### What you will do
Please give back only the lines below from the one containing "A modern kitchen" to the one containing "Mörkblå skjorta från Ralph Lauren - Säljer", each repeated word for word, both ends included.

[Source records]
*** Begin section ***

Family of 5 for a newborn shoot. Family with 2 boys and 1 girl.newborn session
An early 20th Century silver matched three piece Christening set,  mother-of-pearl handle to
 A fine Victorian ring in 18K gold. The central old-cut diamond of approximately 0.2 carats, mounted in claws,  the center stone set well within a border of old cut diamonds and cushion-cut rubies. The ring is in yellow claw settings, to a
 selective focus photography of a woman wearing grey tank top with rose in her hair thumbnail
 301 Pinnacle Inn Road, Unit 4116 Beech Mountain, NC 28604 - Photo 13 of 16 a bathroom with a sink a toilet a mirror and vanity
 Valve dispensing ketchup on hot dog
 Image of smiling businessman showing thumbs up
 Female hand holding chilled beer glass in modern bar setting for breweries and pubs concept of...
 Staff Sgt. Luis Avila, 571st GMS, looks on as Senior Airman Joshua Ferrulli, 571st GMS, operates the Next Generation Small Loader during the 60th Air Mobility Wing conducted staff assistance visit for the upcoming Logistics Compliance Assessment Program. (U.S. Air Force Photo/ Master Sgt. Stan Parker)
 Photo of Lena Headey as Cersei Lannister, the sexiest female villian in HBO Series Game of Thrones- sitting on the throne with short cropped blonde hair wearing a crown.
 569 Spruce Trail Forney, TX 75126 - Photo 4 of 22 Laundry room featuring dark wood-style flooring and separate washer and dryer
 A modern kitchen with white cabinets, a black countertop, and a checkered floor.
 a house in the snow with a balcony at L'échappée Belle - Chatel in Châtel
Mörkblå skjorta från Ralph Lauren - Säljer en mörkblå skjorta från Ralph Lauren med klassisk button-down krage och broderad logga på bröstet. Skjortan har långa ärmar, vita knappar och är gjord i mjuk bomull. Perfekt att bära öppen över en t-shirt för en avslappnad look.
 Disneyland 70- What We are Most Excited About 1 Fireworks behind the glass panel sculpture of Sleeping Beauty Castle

*** End section ***

### Expected answer
 A modern kitchen with white cabinets, a black countertop, and a checkered floor.
 a house in the snow with a balcony at L'échappée Belle - Chatel in Châtel
Mörkblå skjorta från Ralph Lauren - Säljer en mörkblå skjorta från Ralph Lauren med klassisk button-down krage och broderad logga på bröstet. Skjortan har långa ärmar, vita knappar och är gjord i mjuk bomull. Perfekt att bära öppen över en t-shirt för en avslappnad look.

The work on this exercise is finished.